Levo, vaso, neo, epi, propofol, and versed drips, then protonix, and octeotride continuous infusions. Plus 12 or 13 blood products.

Another time levo, neo, dopamine, epi, glucagon, and insulin drips with some continuous bicarb.

Ive seen a lot of studies that say when you get to the point where 2-3 pressors isnt doing the trick, there is little to no hope for that person and you are basically just giving the family time. With the exception of some major surgeries and other specific cases where you are just using them to temporarily manipulate different blood vessels.

Specializes in Critical Care.

5+3+3+2...so 13 or 14...I forget in addition to CVVH, Swan, ECMO, Vented. And i had to manage it all by myself.

5+3+3+2...so 13 or 14...I forget in addition to CVVH, Swan, ECMO, Vented.
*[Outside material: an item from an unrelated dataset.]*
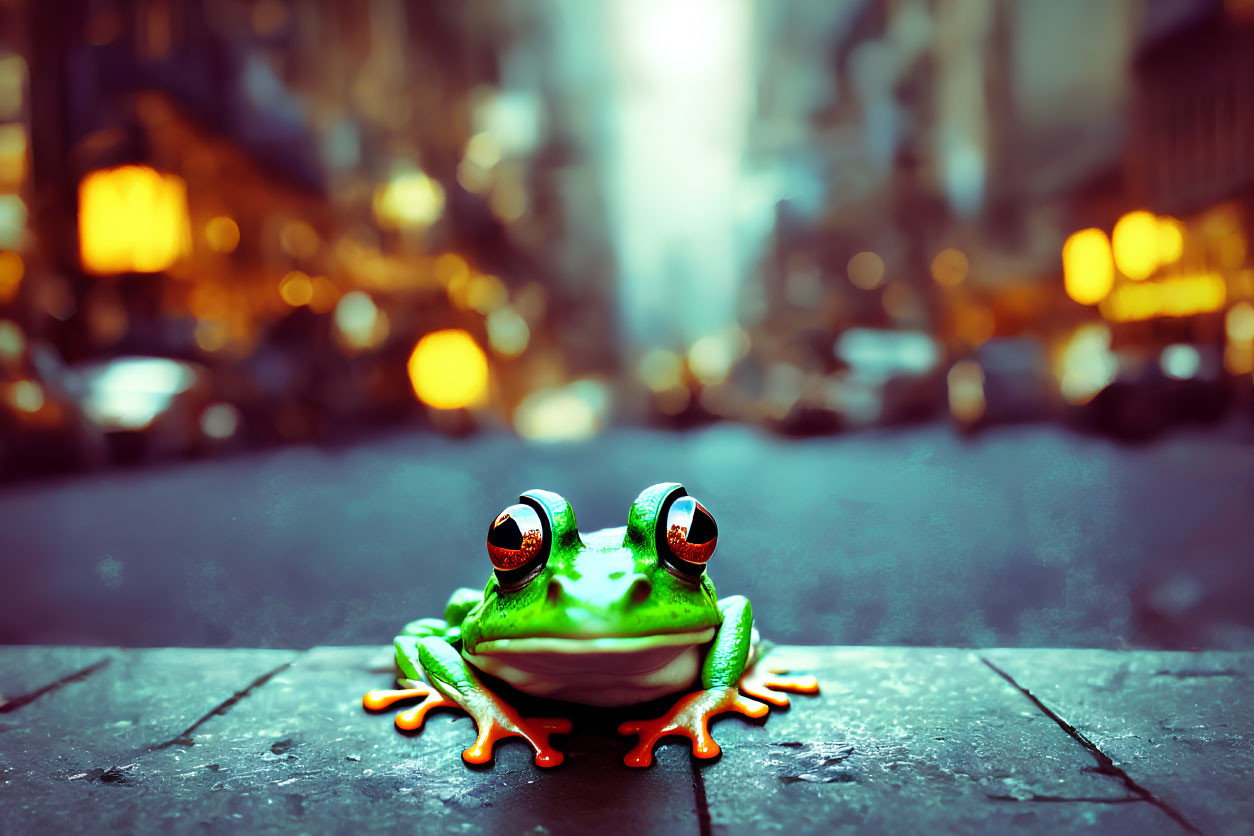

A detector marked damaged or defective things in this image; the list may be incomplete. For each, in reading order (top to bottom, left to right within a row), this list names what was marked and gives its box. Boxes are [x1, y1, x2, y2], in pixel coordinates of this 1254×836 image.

And i had to manage it all by myself.

Isn't ECMO a mandatory 2:1 patient?

It is where I work

Specializes in SICU, trauma, neuro.
Isn't ECMO a mandatory 2:1 patient?

It is where I work

It is at my current and former hospitals, too. 1 RN or a perfusionist for the ECMO only, and 1 RN for everything else.

Specializes in Critical Care.

Nope they were 1:1, we had a lot of people helping but once theg were on ECMO they usually stabilized for the most part, the rough part is everythjng that occurs before they get them on. Perfusion was there for any rolling or moving of the patient, otherwise they rounded q2H and I called them if I needed them. You can only adjust the sweep so much to make your gas better. They stayed at the bedside for any pediatric ECMOs, otherwise I had a bunch of clamps and a hand crank for the pump if we lost power of if something bad happend, and we one time had a oxygenator literally crack and break apart, it was bad, very very bad.

Specializes in ICU + Infection Prevention.

12 on a post code didnt make it

Specializes in MICU, SICU, CICU.

17 pumps counting blood products. I can not remember a thing about the patient.

Specializes in Pediatrics, Women’s Health.

The most I've had (minus MIVF/abx, etc) at once is 10 - levo/vaso/epi/versed/fentanyl/nimbex/insulin/bicarb/heparin/TPN, on CVVH.

The patient actually lived and came walking through the unit a few months later. It was unbelievable.

Specializes in Family Practice, Mental Health.

13 gtts. Plus riders

Propofol

Versed

Fentanyl

Rocuronium

Phenylephrine

Levophed

Nexium

TPN

Vasopressin

Na HCO3

Regular Insulin

Amiodarone

NS with 20 K

PRBC's with Platelets and FFP

Numerous, numerous little K riders and ABX piggy backs.

Oh yes, and CRRT too.....

Running in place the entire 12 hour shift.

Specializes in critical care.

One of my worst days on the unit--up to 16 pumps running at once, including abx, electrolytes and blood products. Four stacks of four pumps each. Patient was on CRRT so I was doing hourly Is&Os, clearing the volume on every one of those pumps every hour. Patient died that day on 30 of Levophed, 20 of epi, 50 of dopamine, 300 phenylephrine. Don't remember what the patient was on for sedation but I think it may have been fentanyl & versed. Nimbex, bicarb.... I don't remember what else.